* Your instructions: Your copy should match the records below exactly, except for the pictures.
---------- Records for processing
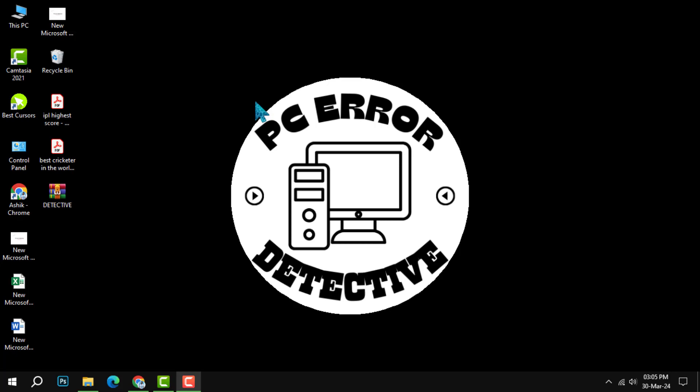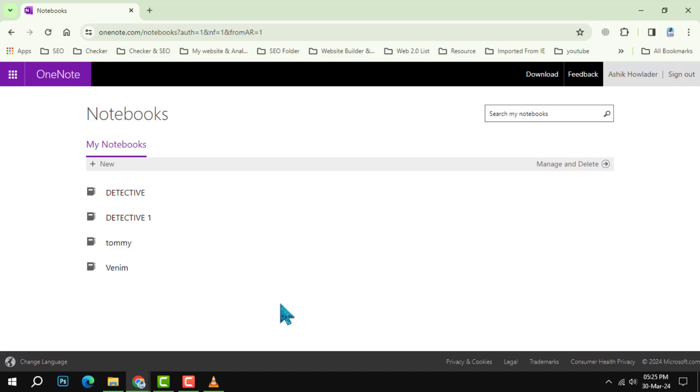Welcome to the PC Error Detective channel. In today's video, we will show how to export OneNote. If you find this tutorial helpful, don't forget to subscribe for more tech tips and tricks. Now let's get started.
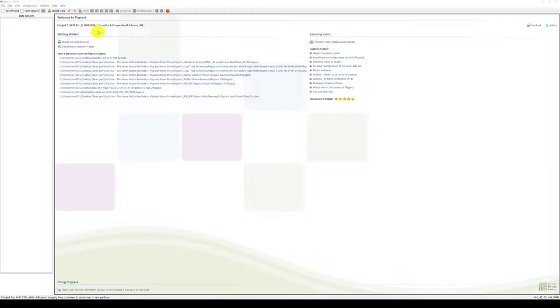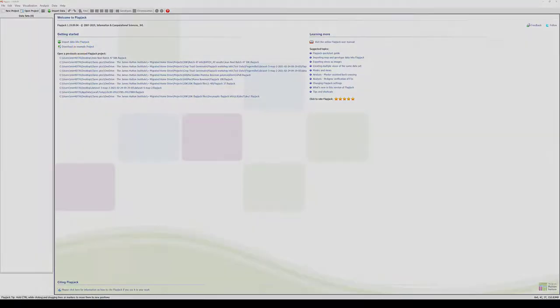We are now ready to import our data and create a Flapjack project. Please move on to the next tutorial for more information.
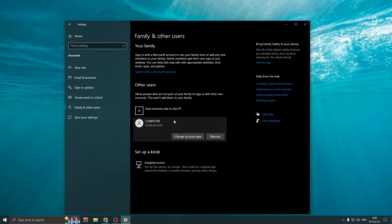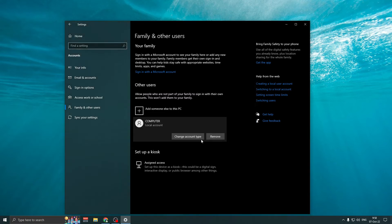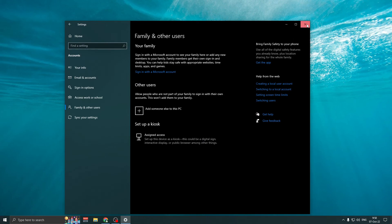Notice all user data will be deleted for this user. Click Delete account and data. Close the window. That's it. Thanks for watching.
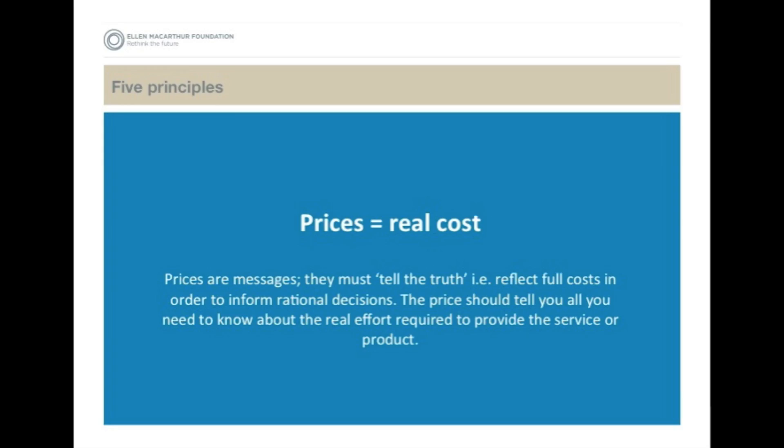Prices equal real cost. Prices and messages must tell the truth — they must reflect the full cost in order to inform rational decisions. The price should tell you all you need to know about the real effort required to provide a service or a product. It's about setting the rules of the game in order for the system to function as a whole.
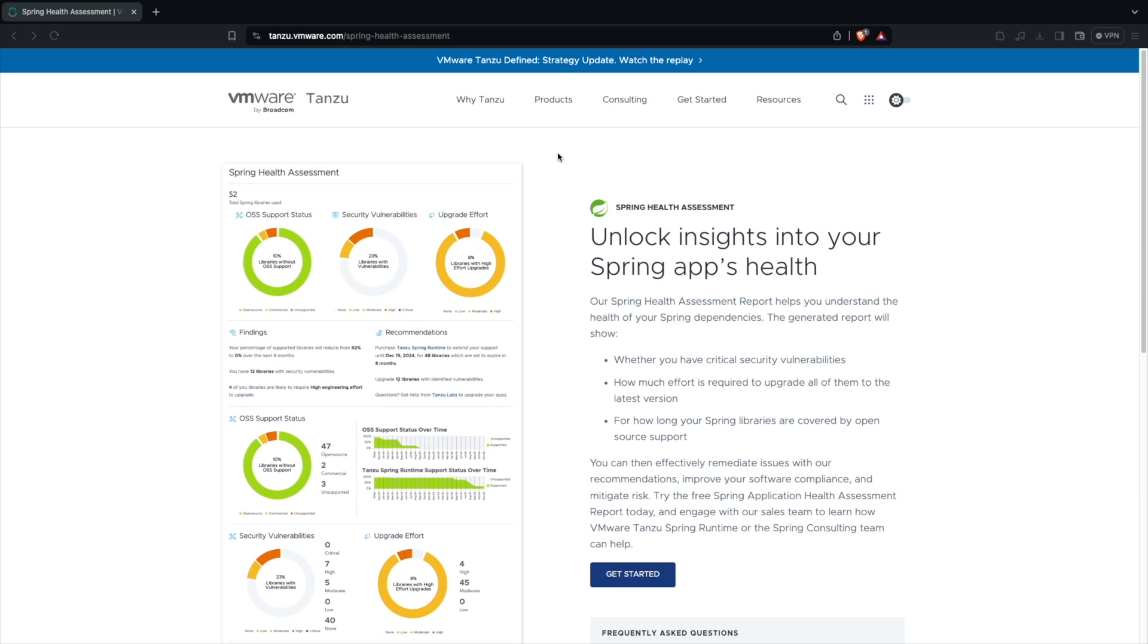How many of you know that you can run health assessment on your application and understand what are the vulnerabilities, what are the open source recommendations which VMware or the Spring team has for you based on the applications which you have? You can understand the open source support over a period of time.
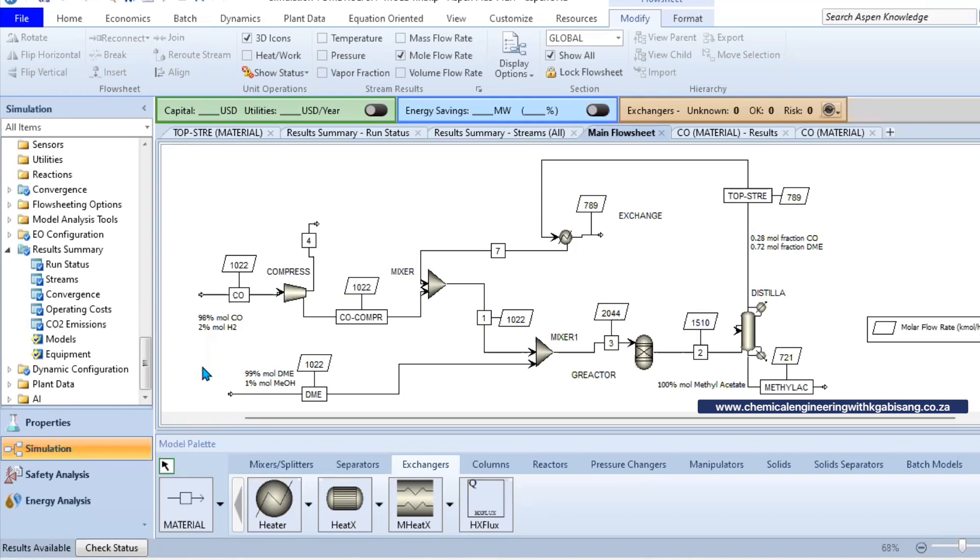By the way, if you want full information on this particular example that we're looking into here, just go down the description below whereby it will take you to our website. You can download the files themselves including the simulation and you can run it on your laptop or any simulation of your choice. This includes DWSIM, COCO - we've got you.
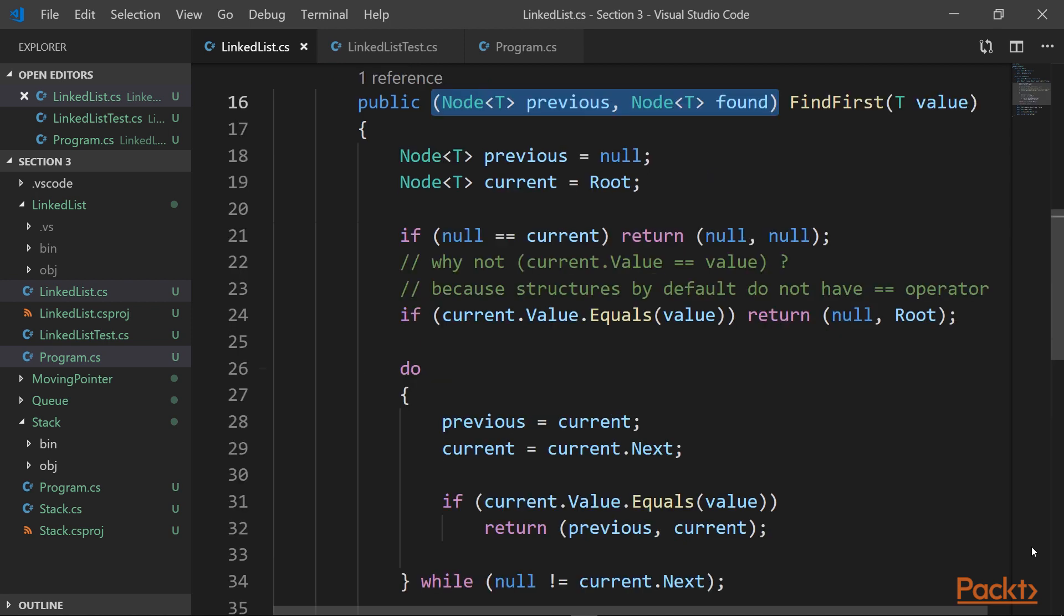Let's start with the find first operation. And what we return from this method is a pair of values, a previous node and a found node. Why do we do this? Because we need the previous node for operations like delete and insert. We could, of course, define a class for that, but C sharp has a built-in entity for achieving such goals, and it's called a tuple. And we can return multiple values from a method. In our case, it's two values.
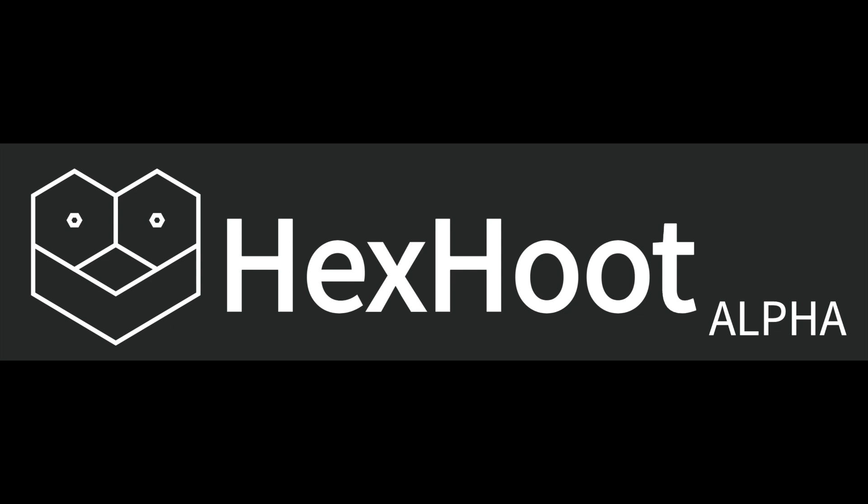That's all I have to share about Hexhoot. I hope you would find it interesting to use. I would like to invite developers among you to contribute to this as well. Thank you. Have a nice day. Bye.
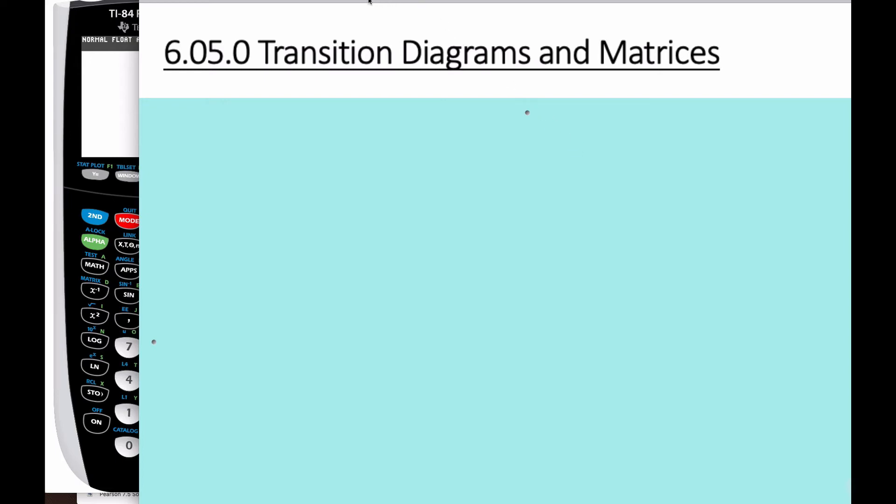Hello, it's Mr. Robs here, and today we're going to talk about transition diagrams and their matrices and transition matrices.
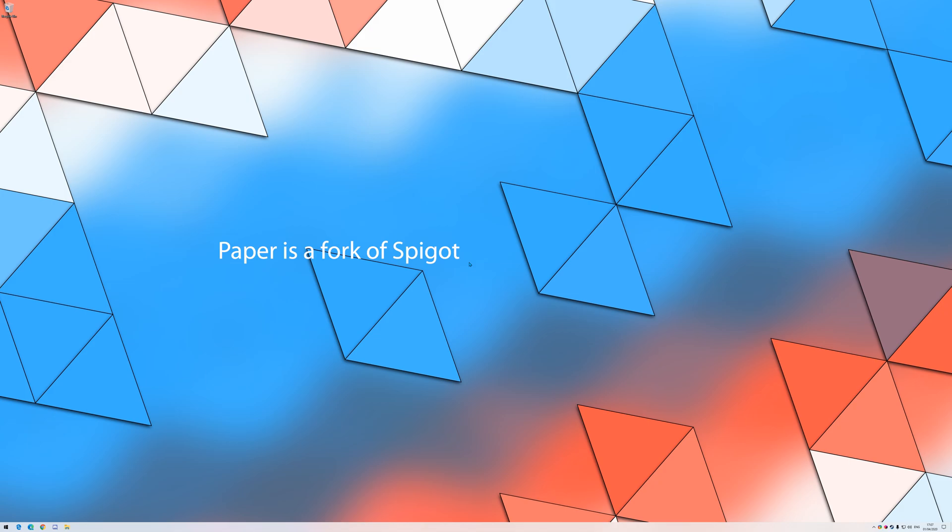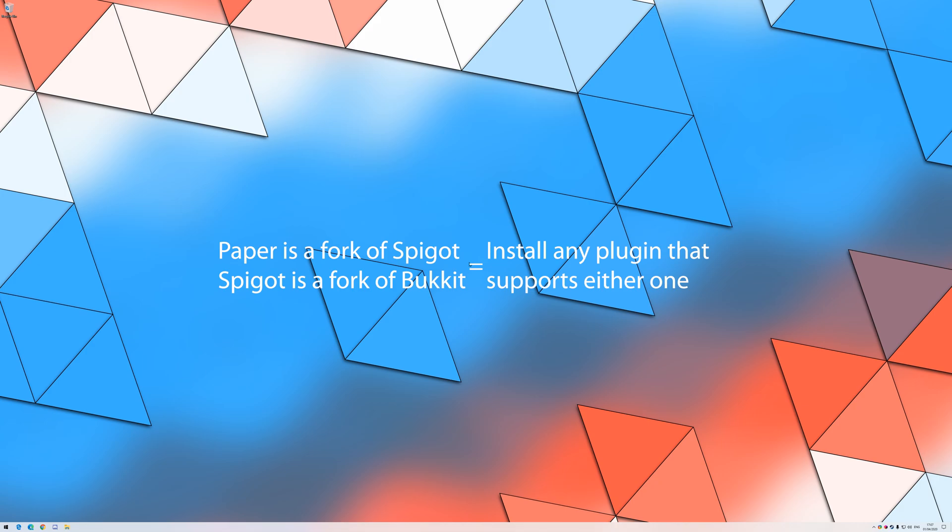Thanks to the fact that Paper is a fork of Spigot, and Spigot is a fork of Bukkit, you can, in fact, install any plugin that was developed for Paper, Spigot, or Bukkit.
--------------------
* Output of the task:
Welcome to the PC Error Detective channel. In today's video, we will show how to export OneNote. If you find this tutorial helpful, don't forget to subscribe for more tech tips and tricks. Now let's get started.
We are now ready to import our data and create a Flapjack project. Please move on to the next tutorial for more information.
Notice all user data will be deleted for this user. Click Delete account and data. Close the window. That's it. Thanks for watching.
Prices equal real cost. Prices and messages must tell the truth — they must reflect the full cost in order to inform rational decisions. The price should tell you all you need to know about the real effort required to provide a service or a product. It's about setting the rules of the game in order for the system to function as a whole.
How many of you know that you can run health assessment on your application and understand what are the vulnerabilities, what are the open source recommendations which VMware or the Spring team has for you based on the applications which you have? You can understand the open source support over a period of time.
By the way, if you want full information on this particular example that we're looking into here, just go down the description below whereby it will take you to our website. You can download the files themselves including the simulation and you can run it on your laptop or any simulation of your choice. This includes DWSIM, COCO - we've got you.
Let's start with the find first operation. And what we return from this method is a pair of values, a previous node and a found node. Why do we do this? Because we need the previous node for operations like delete and insert. We could, of course, define a class for that, but C sharp has a built-in entity for achieving such goals, and it's called a tuple. And we can return multiple values from a method. In our case, it's two values.
That's all I have to share about Hexhoot. I hope you would find it interesting to use. I would like to invite developers among you to contribute to this as well. Thank you. Have a nice day. Bye.
Hello, it's Mr. Robs here, and today we're going to talk about transition diagrams and their matrices and transition matrices.
Thanks to the fact that Paper is a fork of Spigot, and Spigot is a fork of Bukkit, you can, in fact, install any plugin that was developed for Paper, Spigot, or Bukkit.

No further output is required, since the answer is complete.